## DIRECTIONS FOR THIS TASK
Working through the lines below, return each one that holds "Hyundai".

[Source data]
════════════════════
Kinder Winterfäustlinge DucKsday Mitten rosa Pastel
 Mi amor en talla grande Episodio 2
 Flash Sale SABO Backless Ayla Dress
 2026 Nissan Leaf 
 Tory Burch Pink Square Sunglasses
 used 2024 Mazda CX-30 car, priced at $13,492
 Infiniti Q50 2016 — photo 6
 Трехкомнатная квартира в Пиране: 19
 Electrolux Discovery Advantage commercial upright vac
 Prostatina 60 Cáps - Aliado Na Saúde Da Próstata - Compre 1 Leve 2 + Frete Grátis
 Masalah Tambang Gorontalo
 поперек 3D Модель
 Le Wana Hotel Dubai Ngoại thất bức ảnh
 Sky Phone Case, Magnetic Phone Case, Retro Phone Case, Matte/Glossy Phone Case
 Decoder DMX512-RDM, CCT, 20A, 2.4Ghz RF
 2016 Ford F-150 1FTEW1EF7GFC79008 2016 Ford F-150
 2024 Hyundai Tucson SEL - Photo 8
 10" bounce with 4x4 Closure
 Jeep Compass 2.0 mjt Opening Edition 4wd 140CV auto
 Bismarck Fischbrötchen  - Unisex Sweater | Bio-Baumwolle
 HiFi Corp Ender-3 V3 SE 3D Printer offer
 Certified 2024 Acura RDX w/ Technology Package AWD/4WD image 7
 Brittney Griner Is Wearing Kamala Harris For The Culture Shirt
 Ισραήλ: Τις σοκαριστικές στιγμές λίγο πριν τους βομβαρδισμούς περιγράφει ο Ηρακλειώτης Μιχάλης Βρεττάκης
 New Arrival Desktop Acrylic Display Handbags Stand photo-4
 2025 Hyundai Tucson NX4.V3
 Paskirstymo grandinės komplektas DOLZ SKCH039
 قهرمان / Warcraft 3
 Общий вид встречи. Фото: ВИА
════════════════════
## ANSWER TO THIS TASK
 2024 Hyundai Tucson SEL - Photo 8
 2025 Hyundai Tucson NX4.V3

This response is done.